Instrumente für Prince und Lang Lang, per Hand und mit dem Heli, auf Gletschern und in Konzertsälen: Christian Ciecior transportiert seit über 30 Jahren Flügel.

Text · Fotos © privat · Datum 18.12.2019

»Der normale Salonflügel wiegt 350–400 kg, die großen Konzertflügel in der Regel 500 kg, aber da gibt’s natürlich auch Sondermodelle wie den großen 2,80er von Schimmel, der wiegt dann schon 600 kg«, erklärt Christian Ciecior am Telefon, während er seinen Sprinter von Hamburg aus in Richtung Braunschweig steuert. Es knirscht und knarzt durch die Freisprechanlage, aber diese Geräuschkulisse passt zu seiner zupackenden, unkomplizierten Art.1985 gründete Christian ein Transportunternehmen, weil ihn eine befreundete Rockband gebeten hatte, ihre Tour zu betreuen. Zwei Jahre später stand dann eher zufällig der erste Flügel zur Abholung bereit – in der 5. Etage. »Danach habe ich gedacht: nie wieder!
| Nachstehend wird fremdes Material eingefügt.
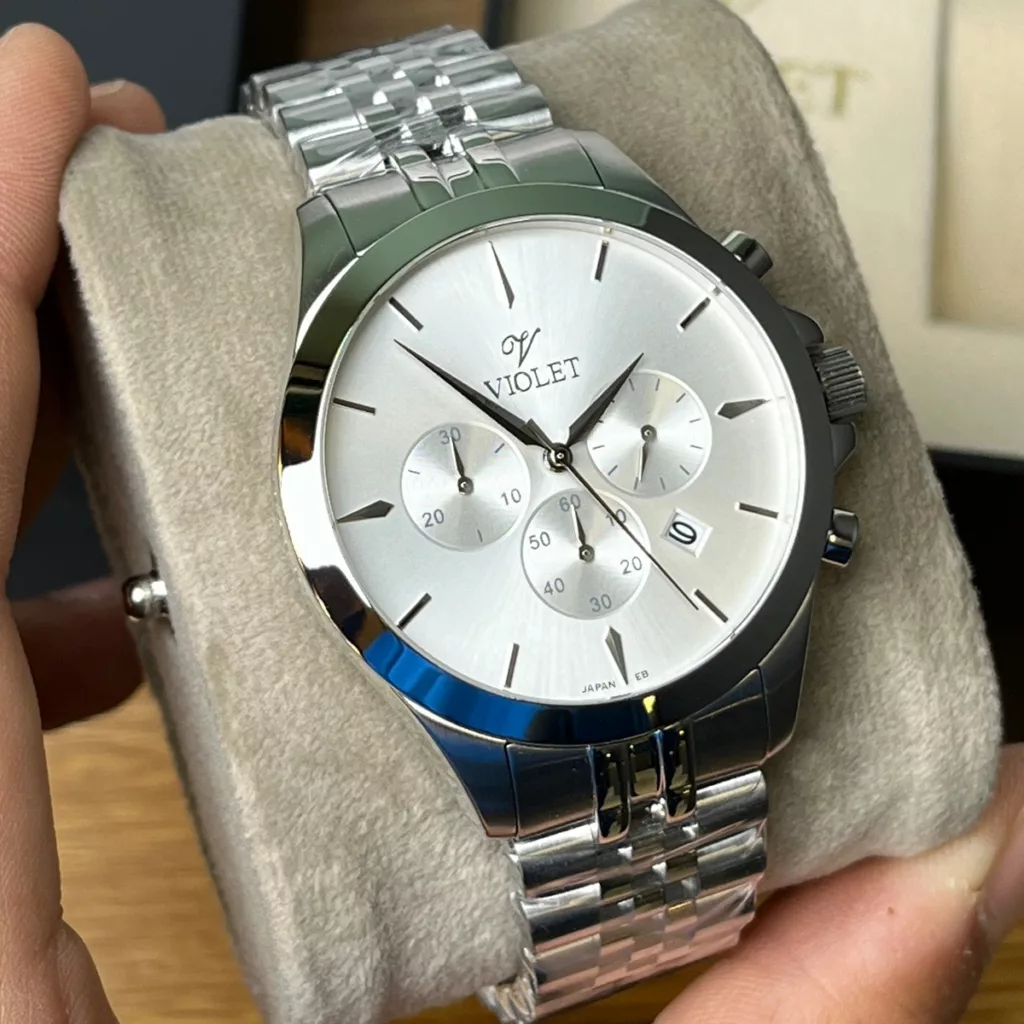 ساعت مچی مردانه ویولت VIOLET B0624G-111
Ich fasse so ein Ding nicht mehr an. Wenn du nicht weißt, wie das geht: lass es! Entweder geht das Instrument kaputt, oder die Treppe, oder die Träger. Oder alle drei. Aber eins davon bestimmt.« Der Klavierbauer, der ihn mit der Abholung beauftragt hatte, überredet ihn aber, weiterzumachen.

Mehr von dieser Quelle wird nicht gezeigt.